Updated: Oct 30, 2020

Whether it’s online or desktop, practically every small business uses Quickbooks. Here are some notes on why it is a forgone conclusion.

Small Biz Owners are tricked into using it. Intuit, the maker of Quickbooks, lures its new customers, small business starters, with its sleek marketing and easy-on-the-eyes Quickbooks dashboard. That’s the whole point. Intuit wants you to think you can do the books yourself. If you can do your personal finances, why can’t you manage your business’s as well, especially since you can’t afford a bookkeeper yet? Isn’t it just recording checks going out and deposits coming in? Especially since online business banking can sync with any version of Quickbooks, what will be so hard about it?

As with anything important and meaningful in life, bookkeeping may look simple at first, but looks can be deceiving.

Knowing Quickbooks doesn’t necessarily mean you understand accounting, specifically Generally Accepted Accounting Principles, or GAAP. A disciplined, experienced bookkeeper knows, understands, speaks, and breathes GAAP, as do all accountants, auditors, financial consultants, CFO’s, controllers, and the IRS.

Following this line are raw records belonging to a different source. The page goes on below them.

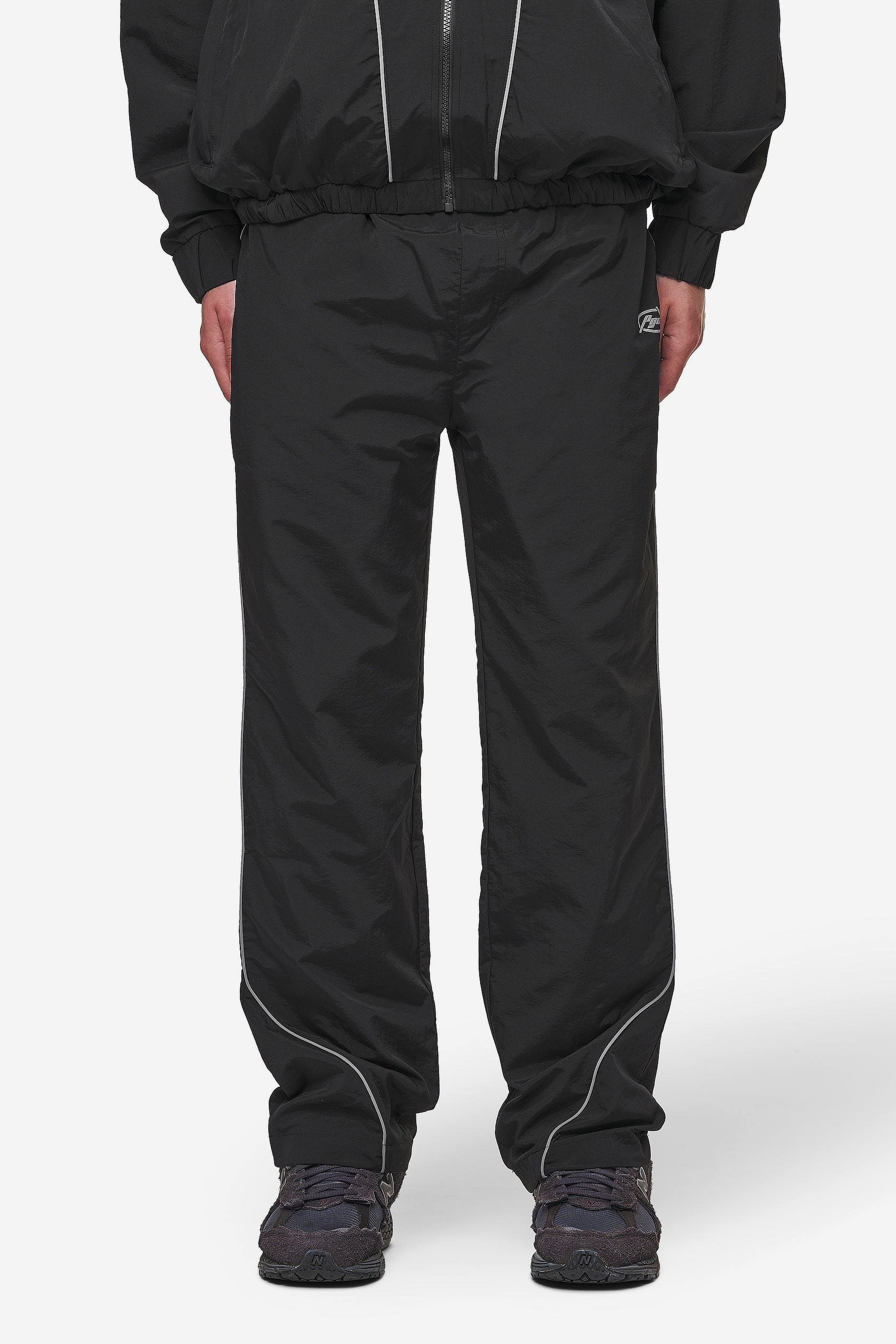 Pegador Mercer Track Pants Black Hauptansicht aus der Most Alive Kollektion für Herren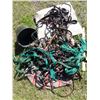 Image 1 : Bridles, Horse Blankets and Feeder Bucket
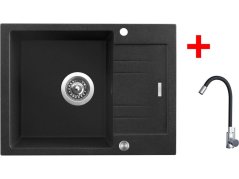 Sinks RAPID 580 XC Granblack + Elasta nerez/čierná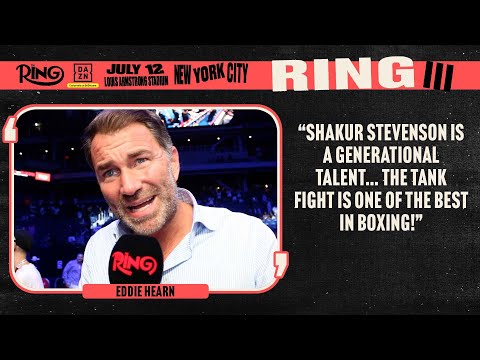 Eddie Hearn Hails “GENERATIONAL Talent” Shakur Stevenson Over William Zepeda Win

Basically this means as a small business owner, you probably wear a dozen hats on a daily basis for your company, including bookkeeper. But don’t kid yourself. You’re just recording the in’s and out’s, maybe even syncing with your online banking. But Income Statements? Balance Sheet? No one who looks at business financials professionally will take your work on Quickbooks seriously. I know, because this is how I make a living. You should see the look on the faces of the accountants I help with their clients’ mess of books.

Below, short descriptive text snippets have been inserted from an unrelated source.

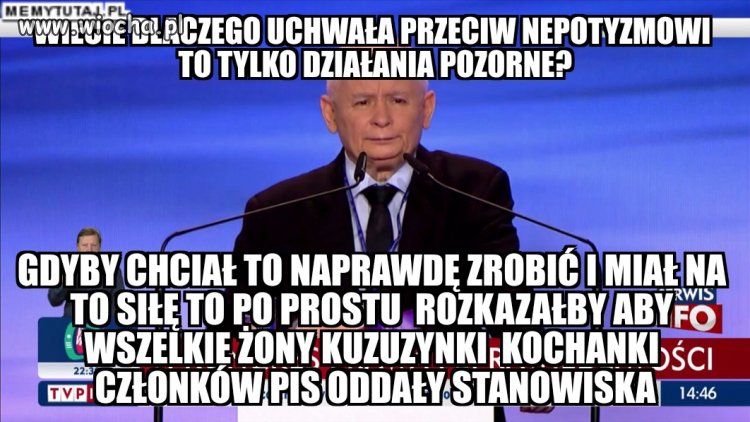 Prawda o walce z nepotyzmem pis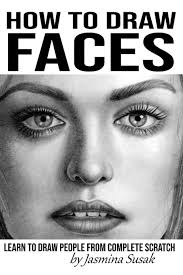 Draw two more short diagonal lines — the pink lines, near the right and left extreme boundaries of the head. How To Draw Faces Learn To Draw People From Complete Scratch Susak Jasmina Susak Jasmina Amazon De Bucher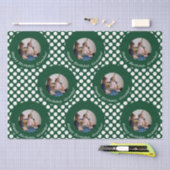 Classy Green Polka Dot Pattern Tissuepapier (Craft)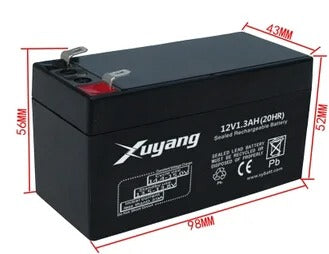 12V 1.3Ah Rechargeable Lead Acid Battery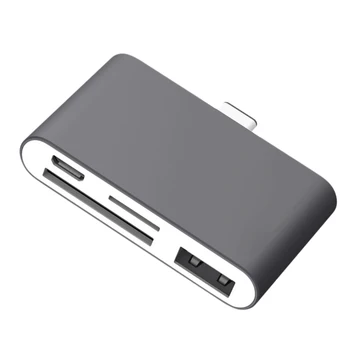 Elisona Tipas-C USB Tipo C HUB OTG Sim CF, SD TF Card Reader Konverteris Adapteris, skirtas 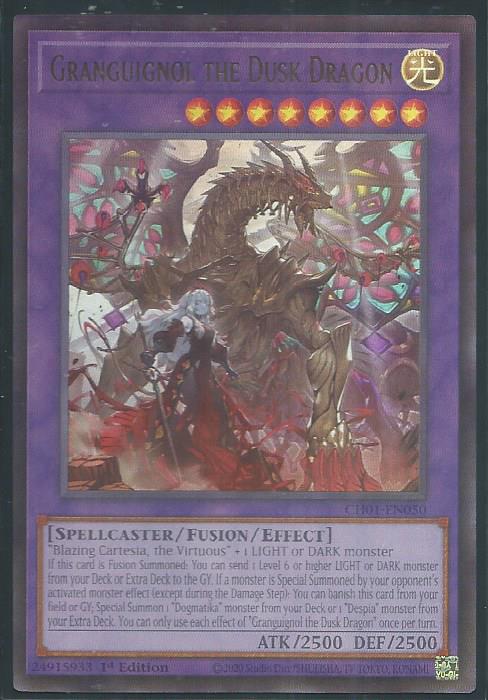 Yugioh - Granguignol The Dusk Dragon *Ultra Rare* CH01-EN050 (NM)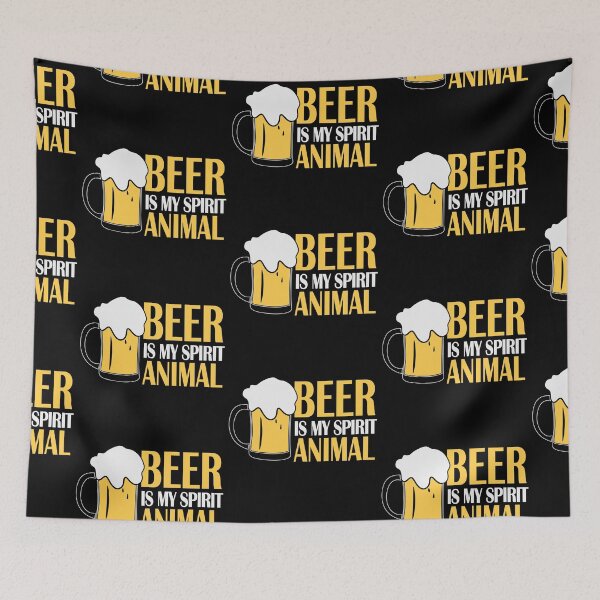Item preview, Beer is my Sprit animal Beer Party Art Design Happy Apparel Essential Inspiration Joy Mood  Beer Squad designed and sold by DesignByHeartUK.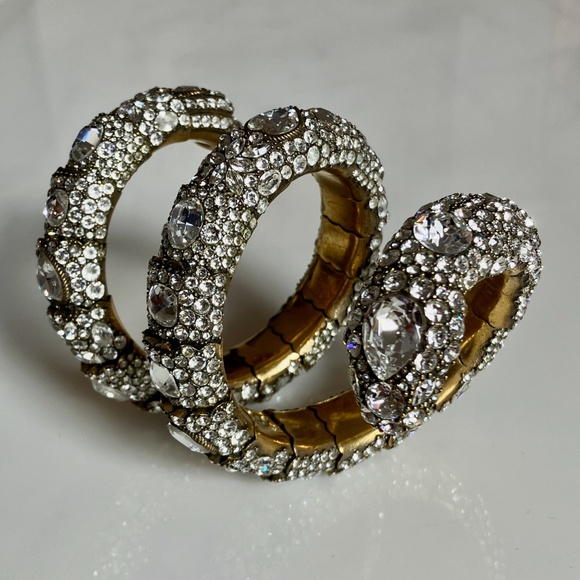 AUTHENTIC GUCCI Triple Wrap Wraparound Snake Bracelet w/original boxes - Picture 5 of 10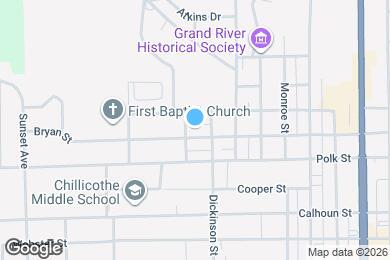 Map image of the property - 1413 Bryan St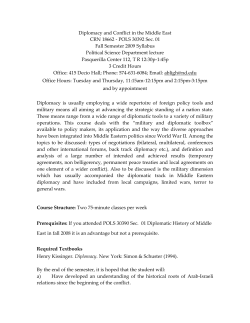 Diplomacy and Conflict in the Middle East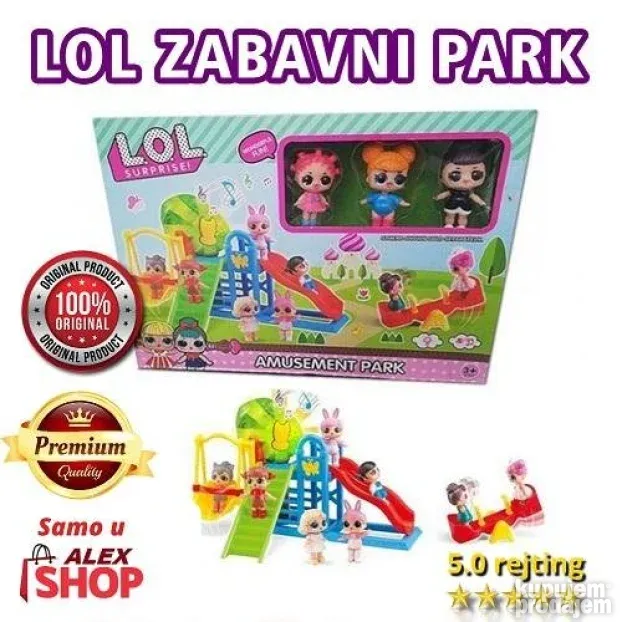 LOL zabavni park -najbolja igračka za devojčice!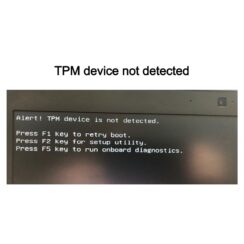 TPM device not detected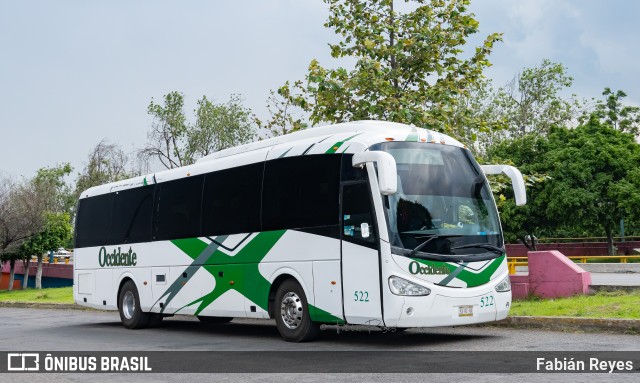 AdeO - Autobuses de Occidente 522 na cidade de Morelia, Michoacán, México, por Fabián Reyes. Número da foto: #12631879.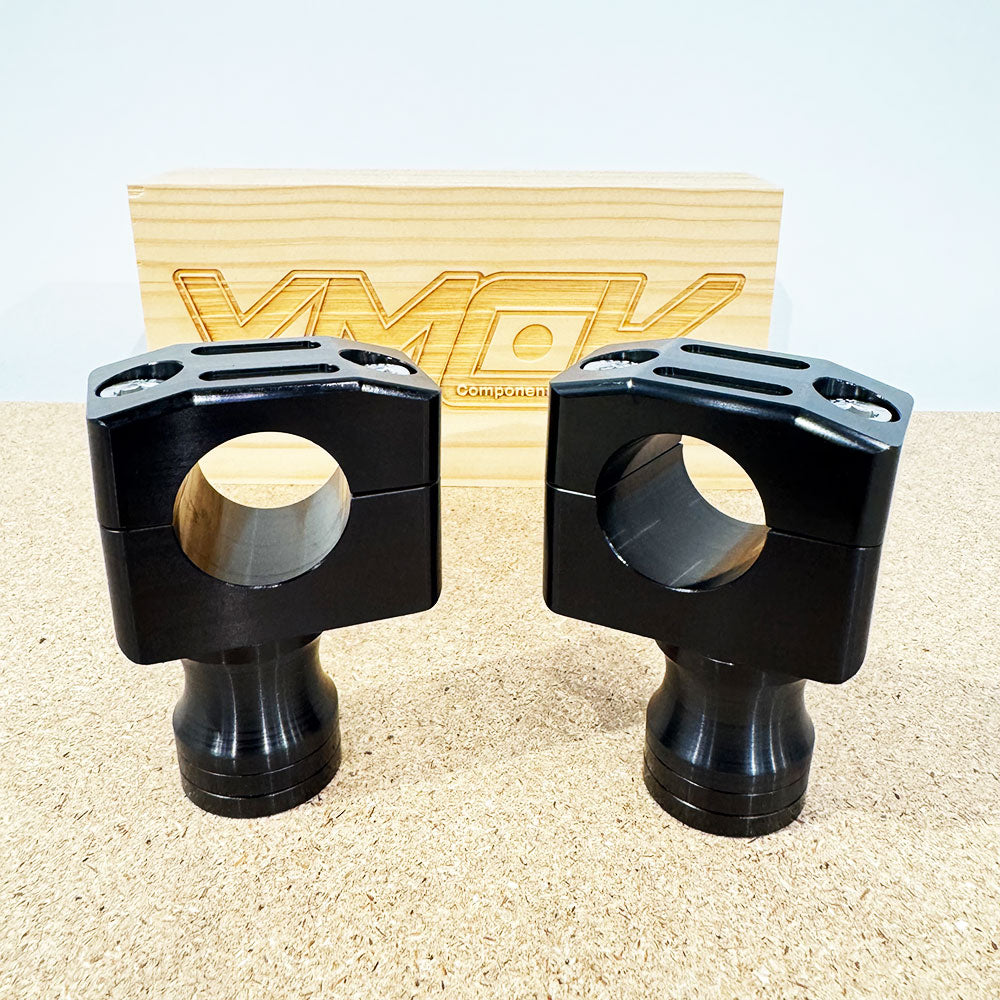 YMCK CNC Billet Top Triple Clamp & Handle Riser for Yamaha XSR900 (2016–2021) X916TBR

Quickbooks (but more so accounting itself) may be too steep of a learning curve for business owners, but the software is also too simple and confined for technical bookkeeper and accounting professionals. It’s nicely stuck in a purgatory. But then again, Intuit’s business model isn’t about that mid-level, mid-range. It’s all about entry-level for them.

You can easily abuse Quickbooks. If you don’t know what you’re doing, you can easily delete transactions literally with one click. I just did that myself the other week. It was a long transaction, too, with over a dozen line items. Luckily there’s Audit Trail and sure enough, the ghost of the accidentally deleted transaction was there for my reference.

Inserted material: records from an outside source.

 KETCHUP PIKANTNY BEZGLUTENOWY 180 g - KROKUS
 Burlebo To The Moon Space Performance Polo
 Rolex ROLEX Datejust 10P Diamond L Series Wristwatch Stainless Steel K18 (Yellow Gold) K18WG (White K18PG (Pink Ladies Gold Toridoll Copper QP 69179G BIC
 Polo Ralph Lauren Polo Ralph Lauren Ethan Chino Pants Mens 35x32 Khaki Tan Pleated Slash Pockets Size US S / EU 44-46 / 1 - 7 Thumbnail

Online vs Desktop vs Mac: They’re all different. On the outside, they look very similar, of course. But in practice, for a regular user it’s different. Switches, features, toggles, icons, options; they may be there for one version, but non-existent for another.

Your tax accountant may not know how to use it that well. This surprises me, too. You would think it’s only logical that your CPA would be a wizard on your bookkeeping software, but a lot of them are not. Why? Because they actually use it not as often as you think. They mostly use tax software and spreadsheets, and the only thing they need from Quickbooks is a reliable set of financial statements. For that to be produced, you’ll need a reliable bookkeeper.

The competing products aren’t as good. But if they are, no one knows how to use them. Xero? Freshbooks? Peachtree? Do you really want to use the competitors’ software, that when combined, they only make up 10% of the market? Even if it is a good product — which I haven’t found them to be — you won’t find many bookkeepers who know how to use it properly.

A necessary evil, but also the devil you know. Quickbooks is just a tool like anything else you use in your business. So make it do your bidding. As long as you have a smart, resourceful and knowledgeable bookkeeper on hand, it is a solid small business accounting software. Unless your company does at least 25 million in revenue per year and you can set aside $15k per year for a fancy ERP-level software, Quickbooks will be the necessary devil you know.